Le prince, bonhomme au fond, associait en lui bien des contradictions qu’il ne démêlait pas. La même année qu’il prétendait à un siège à l’Académie et qu’il ambitionnait d’appeler confrères les gens de lettres, il méconnaissait ce qu’il y a de sérieux dans les Lettres mêmes et ce qui leur confère le seul caractère sans lequel elles resteraient à jamais futiles. Et ici c’est d’Argenson qui nous renseigne :
« Avril 1753. — Jean-Jacques Rousseau, de Genève, auteur agréable, mais se piquant de philosophie, a dit que les gens de lettres doivent faire trois vœux : pauvreté, liberté, vérité.
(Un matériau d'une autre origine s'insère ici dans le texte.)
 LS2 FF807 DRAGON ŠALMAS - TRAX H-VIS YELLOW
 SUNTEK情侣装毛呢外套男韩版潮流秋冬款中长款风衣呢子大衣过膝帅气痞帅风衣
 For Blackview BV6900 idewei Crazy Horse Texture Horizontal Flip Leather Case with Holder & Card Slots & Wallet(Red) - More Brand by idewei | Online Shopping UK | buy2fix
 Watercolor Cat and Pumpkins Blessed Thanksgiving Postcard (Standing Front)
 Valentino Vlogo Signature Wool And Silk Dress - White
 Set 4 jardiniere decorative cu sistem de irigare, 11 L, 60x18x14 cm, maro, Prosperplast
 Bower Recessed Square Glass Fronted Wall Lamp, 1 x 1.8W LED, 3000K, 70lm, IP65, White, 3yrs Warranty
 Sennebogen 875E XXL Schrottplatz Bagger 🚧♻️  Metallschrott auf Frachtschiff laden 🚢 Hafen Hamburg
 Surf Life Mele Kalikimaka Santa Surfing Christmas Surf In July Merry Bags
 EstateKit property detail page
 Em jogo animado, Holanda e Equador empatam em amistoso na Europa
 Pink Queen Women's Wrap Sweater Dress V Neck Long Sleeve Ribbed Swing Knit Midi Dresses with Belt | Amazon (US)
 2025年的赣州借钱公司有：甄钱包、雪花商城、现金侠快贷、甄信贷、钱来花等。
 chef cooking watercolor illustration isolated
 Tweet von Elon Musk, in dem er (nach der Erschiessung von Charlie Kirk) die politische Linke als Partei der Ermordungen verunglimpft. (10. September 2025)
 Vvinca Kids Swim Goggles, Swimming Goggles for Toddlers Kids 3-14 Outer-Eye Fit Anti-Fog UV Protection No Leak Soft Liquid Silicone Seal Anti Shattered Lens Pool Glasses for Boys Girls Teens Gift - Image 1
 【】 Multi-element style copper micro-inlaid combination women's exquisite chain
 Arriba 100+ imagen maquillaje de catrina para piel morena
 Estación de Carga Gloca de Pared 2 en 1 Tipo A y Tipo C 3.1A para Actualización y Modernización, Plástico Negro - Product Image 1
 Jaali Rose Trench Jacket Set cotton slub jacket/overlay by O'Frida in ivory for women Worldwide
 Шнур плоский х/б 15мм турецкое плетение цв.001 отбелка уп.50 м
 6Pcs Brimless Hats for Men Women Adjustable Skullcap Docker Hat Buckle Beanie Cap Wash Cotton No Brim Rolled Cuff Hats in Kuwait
Cela a indisposé le Gouvernement contre lui. Il a témoigné ses sentiments dans quelques préfaces ; sur cela, on a parlé de lui dans les Cabinets, et le roi a dit qu’il ferait bien de le faire renfermer à Bicêtre ; S. A. S. le comte de Clermont a encore ajouté que ce serait bien fait de l’y faire étriller. »
Un tel méchant propos ressemble peu au prince. Quoi ! Monseigneur, traiter Jean-Jacques comme le poëte Roy, faire bâtonner l’un et l’autre en moins d’une année ; mais y pensez-vous bien ? — Même en laissant le propos du comte-abbé pour ce qu’il est, c’est-à-dire pour une légèreté malheureuse, il demeure très grave et à sa charge : de tels mots, qui partent sans réflexion, jugent ceux auxquels ils échappent. Il en résulte bien nettement que ce prétendu académicien n’était que frivole ; qu’il ne concevait les gens de lettres que comme des amuseurs, tout au plus comme des professeurs d’élégance, et que, dès qu’il leur arrivait de penser un peu ferme, il ne les avouait plus.
Il me reste encore à dire. Cette fois le comte de Clermont nous laisse sur l’impression la plus désagréable, et pour ceux qui trouveraient qu’il nous arrête bien longtemps, je ferai observer que c’est moins un homme en lui qu’un régime que nous étudions.